Chapter 310: The End of Conquest
Marcus dragged his chained wrists across the cobblestones. He pushed his body onto his hands and knees to keep his face out of the dirt. Grime stained the pristine white fabric of his undershirt.
He stared at his empty palms and repeatedly curled his fingers into tight fists. The familiar surge of golden mana was completely absent. The calluses he had built swinging a divine broadsword remained on his skin, yet the power to lift the weapon had vanished entirely.
Elena pulled her knees against her chest and buried her face in her arms. Tears tracked through the soot coating her cheeks to drip silently onto the stone pavement.
She scratched frantically at the skin of her arms, desperately searching for the comforting pink glow of her healing magic. Her nails left bright red welts across her flesh.
The other captives mirrored her absolute despair. Ethan lay flat on his back, staring blankly at the gray clouds overhead. Isabella rocked back and forth while clutching her rusted iron bindings. Liam rested his forehead against the stones and wept.

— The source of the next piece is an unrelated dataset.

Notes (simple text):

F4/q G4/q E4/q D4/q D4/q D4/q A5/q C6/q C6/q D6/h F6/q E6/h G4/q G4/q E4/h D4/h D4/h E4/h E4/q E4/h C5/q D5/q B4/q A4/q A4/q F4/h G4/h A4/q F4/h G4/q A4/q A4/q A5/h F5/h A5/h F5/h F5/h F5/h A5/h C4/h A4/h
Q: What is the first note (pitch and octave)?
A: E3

They had spent three years ruling Aethelgard as untouchable champions. The royal mages had served them banquets on silver platters and draped them in fine silk.
Voranthar had handed them absolute authority over the elements to slaughter thousands of native creatures without sustaining a single scratch. Stripped of the stolen soul mass, they reverted to ordinary high school students trapped in an alien wasteland.

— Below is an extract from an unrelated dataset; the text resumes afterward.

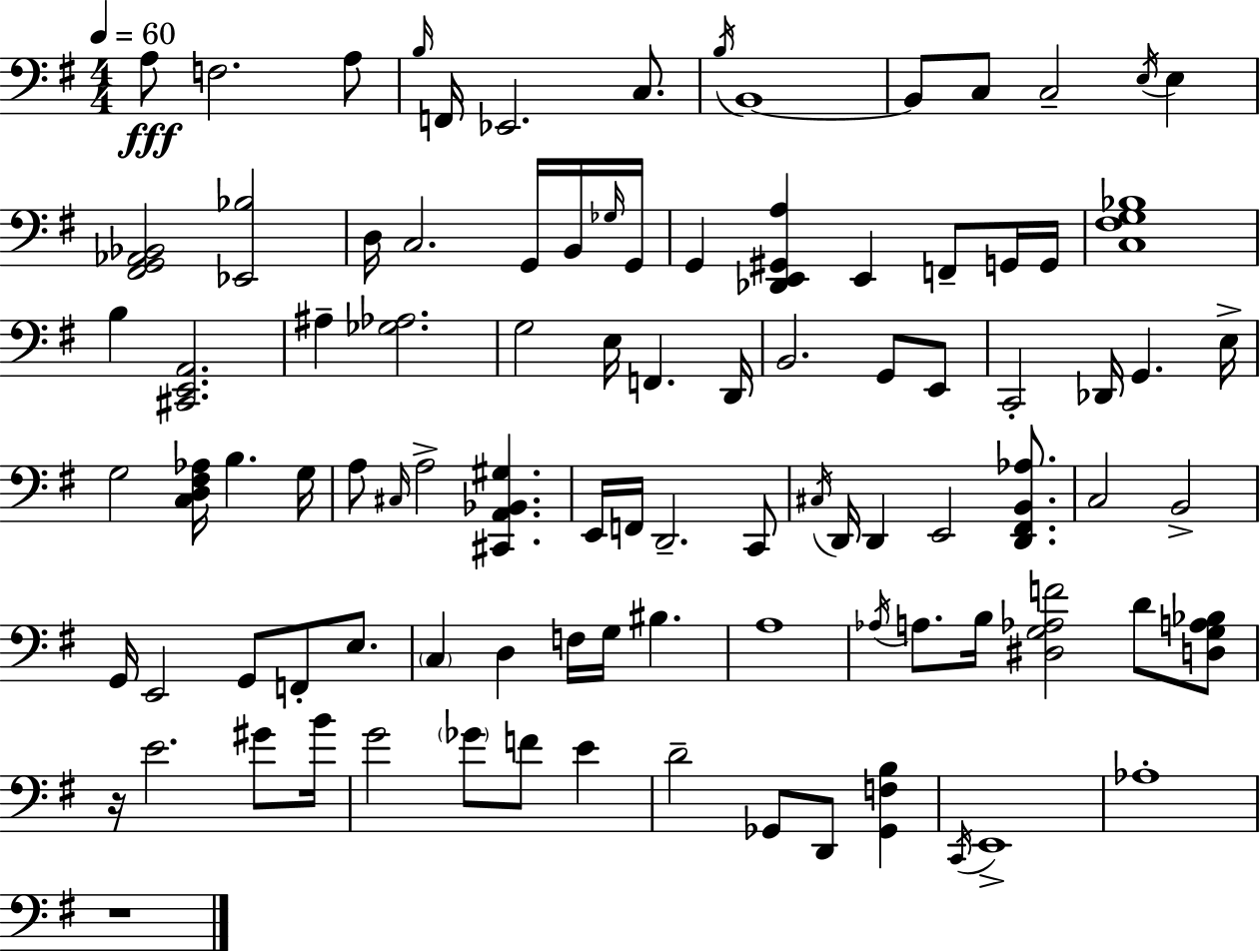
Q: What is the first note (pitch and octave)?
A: A3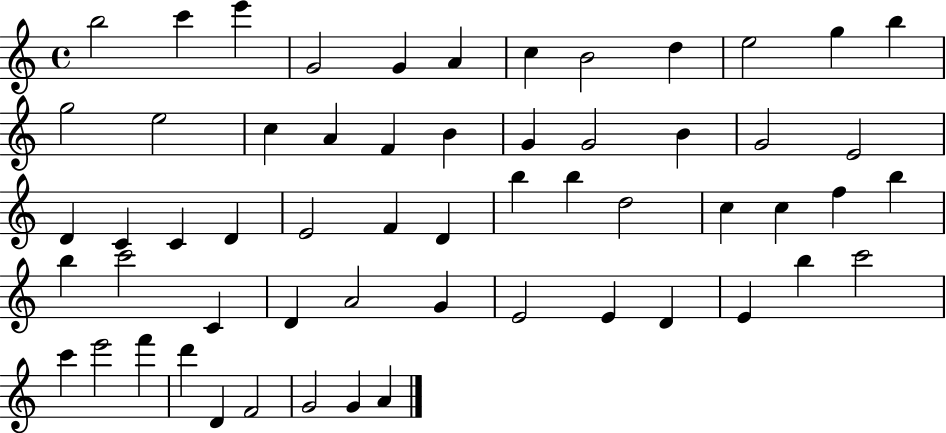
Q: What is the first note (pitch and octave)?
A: B5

Marcus looked up at the figures surrounding the captives. Iron-Scale polished his blade with his scales. Krax leaned his massive greataxe against his pauldron and picked his teeth with a metal splinter.

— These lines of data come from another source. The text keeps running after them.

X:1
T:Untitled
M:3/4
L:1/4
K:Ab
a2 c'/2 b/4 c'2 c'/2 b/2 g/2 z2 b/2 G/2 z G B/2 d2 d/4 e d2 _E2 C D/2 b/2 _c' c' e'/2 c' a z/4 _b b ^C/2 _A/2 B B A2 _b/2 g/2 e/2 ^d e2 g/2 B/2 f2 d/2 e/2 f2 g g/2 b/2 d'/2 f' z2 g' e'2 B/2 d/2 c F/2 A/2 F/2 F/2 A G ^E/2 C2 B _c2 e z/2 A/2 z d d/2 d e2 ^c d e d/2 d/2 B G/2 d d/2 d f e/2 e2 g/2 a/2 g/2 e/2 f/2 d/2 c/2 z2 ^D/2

The commanders offered absolutely no sympathy or malice. They simply treated the fourteen humans like livestock waiting for the slaughterhouse.
"We can negotiate a trade," Marcus rasped. His throat was entirely dry from swallowing dust. "Voranthar will pay a ransom. We know the layout of the inner palace and the locations of the hidden armories."
Iron-Scale adjusted his monocle and looked down at the shivering boy. "Voranthar is dead and you know it. You possess no currency, herald. Your minds belong to the Void-Weaver, and your flesh belongs to the bio-vats. As for your soul..." Iron-Scale looked up at the sky. "It belongs to the spiral."
Marcus dragged his heavy iron chains across the cobblestones and forced himself onto his knees. The dirt caked on his face mixed with the blood seeping from his nose. He craned his neck to look up at Iron-Scale.
"Let us see him," Marcus begged. His voice cracked, stripped of its former booming resonance. "Let us talk to Red. We can explain. We can make a deal."
Elena crawled forward and grabbed the hem of Iron-Scale’s dark coat. "Please. Just five minutes. He used to be our friend before we were... before everything happened. If he could just look at us—"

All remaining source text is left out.